An exhibition of the sixth element.
第六元素の展覧会
Welcome to tanso.center — a quiet hall dedicated to the science, structure, and stories of carbon. The visitor is invited to walk slowly between exhibits, where each panel rises from the surface to present a single facet of the element that builds the world.
The collection is organized by allotrope: distinct arrangements of the same atom that produce diamonds, pencil leads, soccer-ball molecules, atom-thick sheets, and impossibly slender tubes. Begin at any exhibit. The hall does not close.
A lattice that refuses to bend.
屈しない格子
In diamond, each carbon atom binds to four others in a perfect tetrahedron. The bonds are short, equal, and uncompromisingly directional — the resulting three-dimensional network leaves no room for compression, no slip plane for shear. Hardness is not a feeling; it is geometry made rigid.
- Bonding
- sp³ tetrahedral, σ only
- Density
- 3.515 g · cm⁻³
- Mohs hardness
- 10.0 (reference)
- Refractive index
- 2.418 at 589 nm
- Thermal cond.
- 2200 W · m⁻¹ · K⁻¹
Layers that prefer to slide.
滑りたがる層
Graphite is carbon arranged into hexagonal sheets — strong rings of three-bonded atoms — that stack in parallel and hold one another loosely. The rigidity of the sheet and the gentleness between sheets together produce a material that conducts, lubricates, and writes on paper.
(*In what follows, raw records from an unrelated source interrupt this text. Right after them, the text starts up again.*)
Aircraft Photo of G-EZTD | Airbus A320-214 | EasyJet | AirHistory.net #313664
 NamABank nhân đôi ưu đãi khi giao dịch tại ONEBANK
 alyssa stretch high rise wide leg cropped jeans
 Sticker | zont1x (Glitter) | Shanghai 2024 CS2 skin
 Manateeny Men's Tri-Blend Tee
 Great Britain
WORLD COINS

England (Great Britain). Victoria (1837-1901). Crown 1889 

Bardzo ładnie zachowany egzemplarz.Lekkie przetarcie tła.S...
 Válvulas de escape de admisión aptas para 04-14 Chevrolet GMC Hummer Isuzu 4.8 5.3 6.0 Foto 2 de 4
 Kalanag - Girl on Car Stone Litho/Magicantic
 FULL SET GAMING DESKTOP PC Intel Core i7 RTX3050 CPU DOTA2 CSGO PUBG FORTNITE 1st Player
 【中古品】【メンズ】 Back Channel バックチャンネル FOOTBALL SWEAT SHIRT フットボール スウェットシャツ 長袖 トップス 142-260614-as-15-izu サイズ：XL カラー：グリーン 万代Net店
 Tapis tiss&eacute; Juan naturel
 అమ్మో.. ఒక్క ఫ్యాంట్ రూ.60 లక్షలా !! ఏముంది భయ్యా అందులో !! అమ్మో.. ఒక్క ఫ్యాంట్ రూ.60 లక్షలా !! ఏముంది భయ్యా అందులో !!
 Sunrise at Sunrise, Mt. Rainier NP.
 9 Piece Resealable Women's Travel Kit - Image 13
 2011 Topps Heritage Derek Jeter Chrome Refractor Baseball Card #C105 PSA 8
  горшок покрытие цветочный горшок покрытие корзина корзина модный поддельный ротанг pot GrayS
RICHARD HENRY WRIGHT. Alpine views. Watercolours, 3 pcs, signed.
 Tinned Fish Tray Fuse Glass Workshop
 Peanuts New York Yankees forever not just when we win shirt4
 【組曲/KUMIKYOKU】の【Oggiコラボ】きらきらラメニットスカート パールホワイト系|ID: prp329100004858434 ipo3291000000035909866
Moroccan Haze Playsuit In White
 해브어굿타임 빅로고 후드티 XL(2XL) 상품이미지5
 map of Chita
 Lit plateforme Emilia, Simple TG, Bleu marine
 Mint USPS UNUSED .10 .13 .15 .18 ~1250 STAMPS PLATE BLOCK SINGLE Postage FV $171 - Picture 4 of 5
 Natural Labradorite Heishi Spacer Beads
Each sheet is, in itself, a piece of graphene. Graphite is therefore an exhibit of cooperation: countless single layers behaving as one specimen.
- Bonding
- sp², in-plane σ + delocalised π
- Interlayer spacing
- 3.354 Å
- Density
- 2.267 g · cm⁻³
- Mohs hardness
- 1.0 — 2.0
- In-plane cond.
- ≈ 4 × 10⁵ S · m⁻¹
A cage made of corners.
角でできた籠
In 1985, three chemists vaporising graphite found a stable, closed sphere of sixty carbon atoms — the same geometry as a football. They named it after the architect of the geodesic dome. Each pentagon enforces curvature; each hexagon stabilises the surface. The result is a hollow cage that sits cleanly inside a single molecule.
- Formula
- C₆₀ (truncated icosahedron)
- Faces
- 12 pentagons · 20 hexagons
- Cage diameter
- ≈ 7.1 Å
- Molar mass
- 720.66 g · mol⁻¹
- Discovered
- 1985 · Kroto, Curl, Smalley
A single sheet, one atom thick.
原子一層の薄板
Pull one layer from a stack of graphite and you isolate a two-dimensional crystal: hexagons of carbon extending without interruption. Electrons traverse it as if they had no mass; the sheet bears more tensile load than steel for its weight. The exhibit is therefore a study in flatness — the thinnest material that still feels like a material.
- Thickness
- ≈ 0.34 nm (one atom)
- Tensile strength
- 130 GPa
- Young's modulus
- 1.0 TPa
- Electron mobility
- ≈ 2 × 10⁵ cm² · V⁻¹ · s⁻¹
- First isolated
- 2004 · Geim, Novoselov
A sheet rolled until it closes.
巻かれて閉じる薄板
Take a sheet of graphene and roll it into a tube; the way you roll it — the chiral angle — decides whether the tube conducts as a metal or behaves as a semiconductor. The exhibit therefore presents one geometry that, with a small twist, reads as two materials. The same atoms, organised differently, do different work.
- Diameter
- 0.4 — 50 nm typical
- Length
- up to 0.5 m demonstrated
- Tensile strength
- ≈ 100 GPa
- Density
- 1.3 — 1.4 g · cm⁻³
- Conduction
- metallic or semiconducting · by chirality
The hall remains open.
館は開いたまま
Carbon is a small atom. It has only six electrons, four of them available for bonding. From this modest specification arrives diamond, graphite, fullerene, graphene, nanotube — and the chemistry of every living thing. The exhibits in this hall show only the inorganic geometry; the organic galleries occupy a building of their own.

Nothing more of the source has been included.